A new exhibition at Nottingham Lakeside Arts will showcase expert research into people’s reactions to extreme weather events.
Swimming, sunbathing or sweating through a heatwave, or sledging, skating or getting stuck in the snow — extremes of weather provide people with strong memories of past events.
Now, a new exhibition coming to Nottingham Lakeside Arts, will showcase the results of three years of research into people’s reactions to extreme weather events. Many of the historical records and original archival documents which were discovered during the research (funded by the Arts and Humanities Research Council (AHRC)), will now be on display to the public.
‘Weather Extremes: Making and breaking records in Nottinghamshire’, has been jointly curated by Manuscripts and Special Collections at The University of Nottingham, and Professor Georgina Endfield and Dr Lucy Veale of the School of Geography.
The exhibition draws on the extensive collections held by Manuscripts and Special Collections at the University, and includes letters, books, pamphlets, newspaper reports, illustrations and photographs which reveal the stories of the people of Nottinghamshire and surrounding areas.
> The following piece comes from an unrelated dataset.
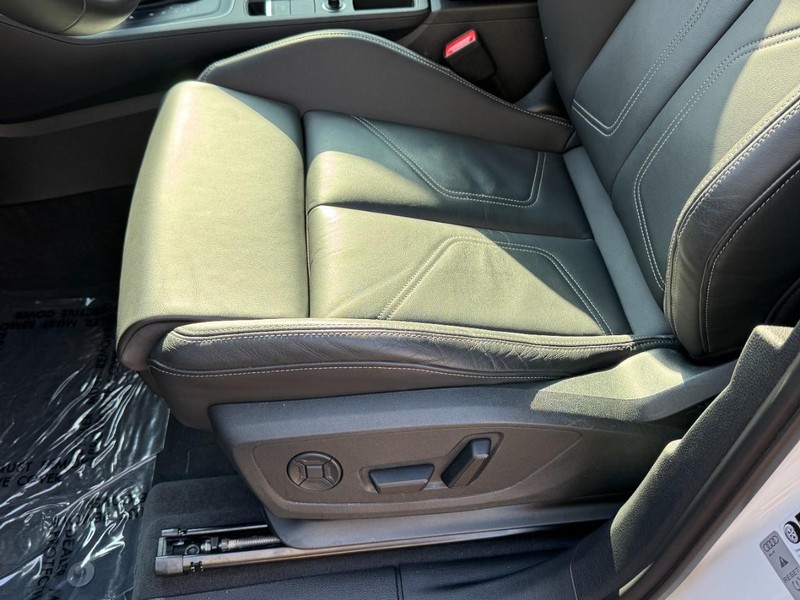 Audi Q3 Vehicle Full-screen Gallery Image 25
Well-remembered events featured in the exhibition include a hurricane in 1715, heatwaves in 1826, 1911 and 1976, and frosts in 1794-1795 and in the so-called “Murphy’s Winter” of 1838.
‘The year without summer’
Other documents refer to the floods of 1932, 1946, 1947 and 1960, and the cold, dark year of 1816, “the year without a summer.” Also showcased are the dedicated local meteorologists of the 19th and early 20th centuries, such as Henry Mellish of Hodsock, and Edward Lowe and Arnold Tinn of Nottingham, whose daily recordings of the weather still provide key evidence for historical weather conditions and climate change.
The exhibition will be opened on Thursday 15th December (5pm-7pm), by BBC Television weather presenter and meteorologist Helen Willetts.
Items of particular interest:
- A Victorian photograph album containing images of the frozen River Trent at Nottingham frozen in 1895.
- The diary of Nottingham solicitor William Parsons, describing skating on the River Trent in 1838.
- Weather notebook kept by Edward Lowe, an amateur meteorologist at Highfield House — now part of the University Park campus of The University of Nottingham — in the 1860s. The notebook has been borrowed from the National Meteorological Office Library and Archive.
- Drawings of the stunning sunsets in the UK which were produced by the ash cloud following the explosion of Mount Krakatoa, Indonesia, in 1815.
Professor Georgina Endfield, joint curator of the exhibition, said: “We are who we are partly because of the weather in which we live. Weather is locally seen and felt, frames and shapes people’s lives, and has been woven into human experience and cultural memory through oral histories, proverbs, folklore, narrative and everyday conversation.
“Unusual and extreme weather events, however, can have immediate and significant social and economic implications and are often noteworthy as a result. Drawing on Nottinghamshire-based documentary materials dating back over four centuries, this exhibition reveals the very many different ways such events have been recorded, experienced, interpreted and commemorated.”
The exhibition will be held at the Weston Gallery, Nottingham Lakeside Arts, University Park, Nottingham NG7 2RD from Friday 16 December 2016 – Sunday 26 March 2017. Admission is free.